Study material section start

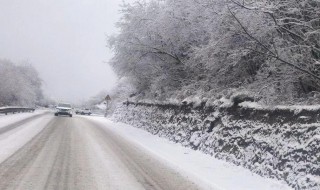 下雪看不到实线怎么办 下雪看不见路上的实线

Study material section end
Study material section start

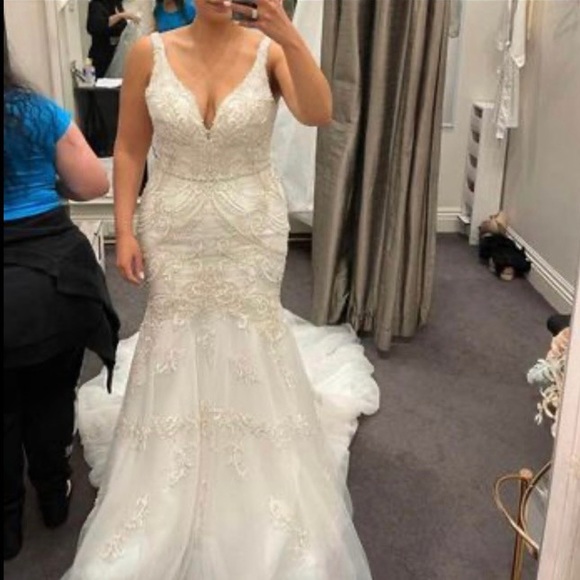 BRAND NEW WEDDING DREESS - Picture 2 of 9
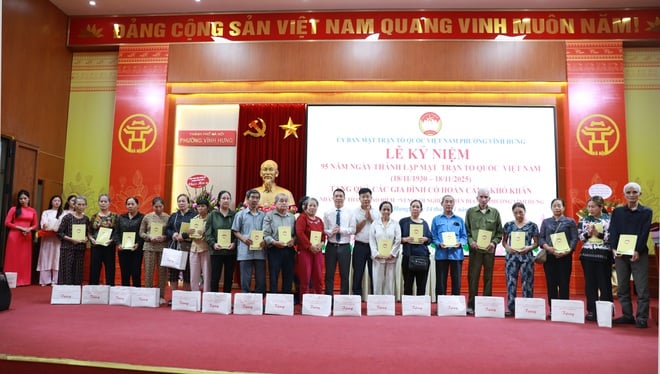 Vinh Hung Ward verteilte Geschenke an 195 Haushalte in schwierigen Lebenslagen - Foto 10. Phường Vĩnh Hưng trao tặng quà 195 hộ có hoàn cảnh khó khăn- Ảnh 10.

Study material section end

Work item: Starting at the line above that holds "BRAND NEW WEDDING DREESS - Picture 2 of 9", return each line up to and including the one that holds "Vinh Hung Ward", exactly as written, minus any pictures.

Answer section:
 BRAND NEW WEDDING DREESS - Picture 2 of 9
 Vinh Hung Ward verteilte Geschenke an 195 Haushalte in schwierigen Lebenslagen - Foto 10. Phường Vĩnh Hưng trao tặng quà 195 hộ có hoàn cảnh khó khăn- Ảnh 10.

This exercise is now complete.